In a similar manner, the exhaust air system includes a Venturi housing having two pressure zones provided in the air flow path for detecting air pressure at two points along that path. The detected pressures are again provided to a differential pressure circuit, which provides a signal indicating the air flow rate through the exhaust air system to a microcontroller circuit, which provides a signal to a fan interface circuit that controls the rotational speed of a fan located at the output of the Venturi housing and which controls air flow out of the system.
In another embodiment of the present invention, rack-level environmental monitoring and control is provided only by a supply air system, as described above and in more detail below.
In yet another embodiment of the present invention, cage-level environmental monitoring and control are provided.

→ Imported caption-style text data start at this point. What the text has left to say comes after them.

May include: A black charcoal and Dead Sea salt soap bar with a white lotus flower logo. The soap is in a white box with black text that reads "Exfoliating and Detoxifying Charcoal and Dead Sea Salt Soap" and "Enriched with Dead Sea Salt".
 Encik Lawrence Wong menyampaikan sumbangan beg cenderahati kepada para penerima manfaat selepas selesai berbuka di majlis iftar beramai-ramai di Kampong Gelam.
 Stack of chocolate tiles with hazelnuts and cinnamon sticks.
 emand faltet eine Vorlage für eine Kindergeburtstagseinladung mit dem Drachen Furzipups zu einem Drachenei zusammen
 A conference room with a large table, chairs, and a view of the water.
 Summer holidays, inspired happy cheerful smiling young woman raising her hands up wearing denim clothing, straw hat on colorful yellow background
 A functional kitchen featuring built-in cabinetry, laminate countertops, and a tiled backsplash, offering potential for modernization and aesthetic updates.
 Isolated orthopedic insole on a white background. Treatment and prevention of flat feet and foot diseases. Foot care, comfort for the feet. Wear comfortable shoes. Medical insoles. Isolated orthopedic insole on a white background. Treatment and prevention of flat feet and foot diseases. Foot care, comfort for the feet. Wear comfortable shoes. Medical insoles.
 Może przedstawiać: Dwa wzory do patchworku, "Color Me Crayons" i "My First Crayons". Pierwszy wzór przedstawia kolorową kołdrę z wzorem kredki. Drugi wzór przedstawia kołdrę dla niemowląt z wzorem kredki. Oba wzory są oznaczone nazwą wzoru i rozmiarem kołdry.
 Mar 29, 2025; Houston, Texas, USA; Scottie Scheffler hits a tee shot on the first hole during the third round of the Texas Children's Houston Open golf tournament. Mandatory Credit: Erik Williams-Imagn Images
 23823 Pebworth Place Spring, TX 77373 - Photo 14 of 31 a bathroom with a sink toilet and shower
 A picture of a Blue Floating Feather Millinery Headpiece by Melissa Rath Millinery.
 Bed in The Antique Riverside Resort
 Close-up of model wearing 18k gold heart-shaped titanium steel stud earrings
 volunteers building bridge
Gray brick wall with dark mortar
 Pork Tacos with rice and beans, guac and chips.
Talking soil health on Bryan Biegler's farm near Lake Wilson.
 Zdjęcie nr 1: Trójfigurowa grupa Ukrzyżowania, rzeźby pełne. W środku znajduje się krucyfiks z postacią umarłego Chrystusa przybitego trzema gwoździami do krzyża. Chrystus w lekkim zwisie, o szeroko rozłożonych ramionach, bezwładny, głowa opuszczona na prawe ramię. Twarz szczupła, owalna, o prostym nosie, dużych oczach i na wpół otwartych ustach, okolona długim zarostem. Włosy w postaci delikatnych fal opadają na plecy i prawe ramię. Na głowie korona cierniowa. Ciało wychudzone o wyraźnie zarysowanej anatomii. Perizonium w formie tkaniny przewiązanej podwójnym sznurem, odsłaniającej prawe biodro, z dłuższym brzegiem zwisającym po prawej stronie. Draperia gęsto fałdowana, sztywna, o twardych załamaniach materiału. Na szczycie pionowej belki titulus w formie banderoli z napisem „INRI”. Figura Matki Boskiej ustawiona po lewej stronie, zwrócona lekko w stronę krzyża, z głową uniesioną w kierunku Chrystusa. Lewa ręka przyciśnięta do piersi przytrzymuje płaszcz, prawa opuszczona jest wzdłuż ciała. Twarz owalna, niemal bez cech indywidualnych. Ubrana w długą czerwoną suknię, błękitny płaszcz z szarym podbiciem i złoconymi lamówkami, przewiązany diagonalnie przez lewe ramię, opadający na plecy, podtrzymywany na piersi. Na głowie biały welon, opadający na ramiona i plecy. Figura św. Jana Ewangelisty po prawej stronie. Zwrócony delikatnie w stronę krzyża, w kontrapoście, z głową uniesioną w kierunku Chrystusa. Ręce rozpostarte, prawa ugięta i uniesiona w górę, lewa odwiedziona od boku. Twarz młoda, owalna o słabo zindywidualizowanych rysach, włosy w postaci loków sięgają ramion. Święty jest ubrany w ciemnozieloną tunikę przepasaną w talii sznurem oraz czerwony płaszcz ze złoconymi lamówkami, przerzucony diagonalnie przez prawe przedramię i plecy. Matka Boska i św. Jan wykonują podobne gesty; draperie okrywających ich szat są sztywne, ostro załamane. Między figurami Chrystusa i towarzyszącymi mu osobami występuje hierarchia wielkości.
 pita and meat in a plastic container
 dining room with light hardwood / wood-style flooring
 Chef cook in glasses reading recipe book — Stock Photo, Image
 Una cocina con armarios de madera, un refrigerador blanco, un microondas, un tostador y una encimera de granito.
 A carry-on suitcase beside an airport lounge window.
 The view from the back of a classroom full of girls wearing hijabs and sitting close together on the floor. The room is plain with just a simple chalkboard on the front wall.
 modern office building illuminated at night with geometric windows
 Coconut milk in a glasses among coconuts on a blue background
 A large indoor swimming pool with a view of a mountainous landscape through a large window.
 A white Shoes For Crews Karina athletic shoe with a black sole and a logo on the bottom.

A Venturi tube is provided in a dummy cage (i.e., one that is not used to house an animal) and coupled to a controller that monitors the air flow rate through the Venturi tube (using a thermistor), and provides feedback to a rack-level control system to control the supply air system and, in effect, air flow at the cage level.
The present invention accordingly comprises the features of construction, combination of elements, arrangement of parts, which will be exemplified in the disclosure herein, and the scope of the present invention will be indicated in the claims.